Segment Start: PROVIDED RECORDS
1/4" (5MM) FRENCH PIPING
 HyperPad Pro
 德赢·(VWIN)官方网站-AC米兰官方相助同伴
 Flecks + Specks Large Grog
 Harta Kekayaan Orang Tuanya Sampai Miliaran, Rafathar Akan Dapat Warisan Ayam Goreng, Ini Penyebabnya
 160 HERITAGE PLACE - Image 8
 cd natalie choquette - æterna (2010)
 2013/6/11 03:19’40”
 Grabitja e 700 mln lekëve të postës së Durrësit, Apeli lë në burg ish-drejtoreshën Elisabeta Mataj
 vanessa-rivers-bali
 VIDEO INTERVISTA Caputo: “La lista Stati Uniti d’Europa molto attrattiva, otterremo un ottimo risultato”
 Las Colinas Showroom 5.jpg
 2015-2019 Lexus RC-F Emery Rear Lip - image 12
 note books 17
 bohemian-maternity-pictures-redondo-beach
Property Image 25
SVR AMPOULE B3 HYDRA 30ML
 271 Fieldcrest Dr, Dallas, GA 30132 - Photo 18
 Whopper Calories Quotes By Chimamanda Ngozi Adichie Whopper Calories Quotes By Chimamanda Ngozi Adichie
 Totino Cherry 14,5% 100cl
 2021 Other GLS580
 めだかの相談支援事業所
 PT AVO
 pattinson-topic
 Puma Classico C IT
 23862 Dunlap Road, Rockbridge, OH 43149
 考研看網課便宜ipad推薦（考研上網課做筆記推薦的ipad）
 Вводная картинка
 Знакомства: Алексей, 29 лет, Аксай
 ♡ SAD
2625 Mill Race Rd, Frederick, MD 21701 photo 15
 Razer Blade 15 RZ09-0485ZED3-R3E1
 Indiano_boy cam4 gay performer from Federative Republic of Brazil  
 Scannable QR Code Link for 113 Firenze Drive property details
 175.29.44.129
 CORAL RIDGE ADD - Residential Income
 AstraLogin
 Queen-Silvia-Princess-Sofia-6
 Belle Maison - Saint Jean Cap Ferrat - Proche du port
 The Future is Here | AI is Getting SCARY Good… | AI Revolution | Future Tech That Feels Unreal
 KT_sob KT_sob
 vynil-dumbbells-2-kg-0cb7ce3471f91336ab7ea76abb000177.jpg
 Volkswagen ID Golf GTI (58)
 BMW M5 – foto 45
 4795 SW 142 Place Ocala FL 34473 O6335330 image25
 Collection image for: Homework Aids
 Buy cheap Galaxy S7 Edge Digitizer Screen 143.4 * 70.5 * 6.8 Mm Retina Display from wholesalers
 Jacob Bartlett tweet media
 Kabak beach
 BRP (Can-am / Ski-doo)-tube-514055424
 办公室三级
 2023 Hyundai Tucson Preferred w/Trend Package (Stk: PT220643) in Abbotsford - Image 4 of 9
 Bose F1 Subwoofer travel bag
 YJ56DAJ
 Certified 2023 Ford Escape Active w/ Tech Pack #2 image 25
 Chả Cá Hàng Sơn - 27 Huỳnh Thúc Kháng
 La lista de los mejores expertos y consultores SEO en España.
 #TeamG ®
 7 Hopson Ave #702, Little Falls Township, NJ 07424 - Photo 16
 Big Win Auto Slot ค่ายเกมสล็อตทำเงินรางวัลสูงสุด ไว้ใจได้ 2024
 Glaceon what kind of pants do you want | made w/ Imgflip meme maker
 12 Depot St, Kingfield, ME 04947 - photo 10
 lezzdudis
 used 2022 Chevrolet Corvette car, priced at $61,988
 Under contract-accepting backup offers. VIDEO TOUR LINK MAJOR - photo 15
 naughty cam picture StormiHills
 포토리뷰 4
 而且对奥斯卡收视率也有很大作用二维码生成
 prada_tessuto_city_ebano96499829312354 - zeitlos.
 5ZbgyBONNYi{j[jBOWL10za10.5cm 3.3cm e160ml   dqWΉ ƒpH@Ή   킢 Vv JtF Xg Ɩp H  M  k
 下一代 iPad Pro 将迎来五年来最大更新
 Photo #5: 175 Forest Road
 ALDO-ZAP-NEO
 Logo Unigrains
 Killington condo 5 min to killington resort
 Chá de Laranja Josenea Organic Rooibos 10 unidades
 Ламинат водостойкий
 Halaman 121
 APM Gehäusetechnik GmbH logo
Segment End: PROVIDED RECORDS
» **DESCRIPTION OF THE TASK**
What the exercise asks for is the listing above, retyped in full.

» **RESULT FOR THIS EXERCISE**
1/4" (5MM) FRENCH PIPING
 HyperPad Pro
 德赢·(VWIN)官方网站-AC米兰官方相助同伴
 Flecks + Specks Large Grog
 Harta Kekayaan Orang Tuanya Sampai Miliaran, Rafathar Akan Dapat Warisan Ayam Goreng, Ini Penyebabnya
 160 HERITAGE PLACE - Image 8
 cd natalie choquette - æterna (2010)
 2013/6/11 03:19’40”
 Grabitja e 700 mln lekëve të postës së Durrësit, Apeli lë në burg ish-drejtoreshën Elisabeta Mataj
 vanessa-rivers-bali
 VIDEO INTERVISTA Caputo: “La lista Stati Uniti d’Europa molto attrattiva, otterremo un ottimo risultato”
 Las Colinas Showroom 5.jpg
 2015-2019 Lexus RC-F Emery Rear Lip - image 12
 note books 17
 bohemian-maternity-pictures-redondo-beach
Property Image 25
SVR AMPOULE B3 HYDRA 30ML
 271 Fieldcrest Dr, Dallas, GA 30132 - Photo 18
 Whopper Calories Quotes By Chimamanda Ngozi Adichie Whopper Calories Quotes By Chimamanda Ngozi Adichie
 Totino Cherry 14,5% 100cl
 2021 Other GLS580
 めだかの相談支援事業所
 PT AVO
 pattinson-topic
 Puma Classico C IT
 23862 Dunlap Road, Rockbridge, OH 43149
 考研看網課便宜ipad推薦（考研上網課做筆記推薦的ipad）
 Вводная картинка
 Знакомства: Алексей, 29 лет, Аксай
 ♡ SAD
2625 Mill Race Rd, Frederick, MD 21701 photo 15
 Razer Blade 15 RZ09-0485ZED3-R3E1
 Indiano_boy cam4 gay performer from Federative Republic of Brazil  
 Scannable QR Code Link for 113 Firenze Drive property details
 175.29.44.129
 CORAL RIDGE ADD - Residential Income
 AstraLogin
 Queen-Silvia-Princess-Sofia-6
 Belle Maison - Saint Jean Cap Ferrat - Proche du port
 The Future is Here | AI is Getting SCARY Good… | AI Revolution | Future Tech That Feels Unreal
 KT_sob KT_sob
 vynil-dumbbells-2-kg-0cb7ce3471f91336ab7ea76abb000177.jpg
 Volkswagen ID Golf GTI (58)
 BMW M5 – foto 45
 4795 SW 142 Place Ocala FL 34473 O6335330 image25
 Collection image for: Homework Aids
 Buy cheap Galaxy S7 Edge Digitizer Screen 143.4 * 70.5 * 6.8 Mm Retina Display from wholesalers
 Jacob Bartlett tweet media
 Kabak beach
 BRP (Can-am / Ski-doo)-tube-514055424
 办公室三级
 2023 Hyundai Tucson Preferred w/Trend Package (Stk: PT220643) in Abbotsford - Image 4 of 9
 Bose F1 Subwoofer travel bag
 YJ56DAJ
 Certified 2023 Ford Escape Active w/ Tech Pack #2 image 25
 Chả Cá Hàng Sơn - 27 Huỳnh Thúc Kháng
 La lista de los mejores expertos y consultores SEO en España.
 #TeamG ®
 7 Hopson Ave #702, Little Falls Township, NJ 07424 - Photo 16
 Big Win Auto Slot ค่ายเกมสล็อตทำเงินรางวัลสูงสุด ไว้ใจได้ 2024
 Glaceon what kind of pants do you want | made w/ Imgflip meme maker
 12 Depot St, Kingfield, ME 04947 - photo 10
 lezzdudis
 used 2022 Chevrolet Corvette car, priced at $61,988
 Under contract-accepting backup offers. VIDEO TOUR LINK MAJOR - photo 15
 naughty cam picture StormiHills
 포토리뷰 4
 而且对奥斯卡收视率也有很大作用二维码生成
 prada_tessuto_city_ebano96499829312354 - zeitlos.
 5ZbgyBONNYi{j[jBOWL10za10.5cm 3.3cm e160ml   dqWΉ ƒpH@Ή   킢 Vv JtF Xg Ɩp H  M  k
 下一代 iPad Pro 将迎来五年来最大更新
 Photo #5: 175 Forest Road
 ALDO-ZAP-NEO
 Logo Unigrains
 Killington condo 5 min to killington resort
 Chá de Laranja Josenea Organic Rooibos 10 unidades
 Ламинат водостойкий
 Halaman 121
 APM Gehäusetechnik GmbH logo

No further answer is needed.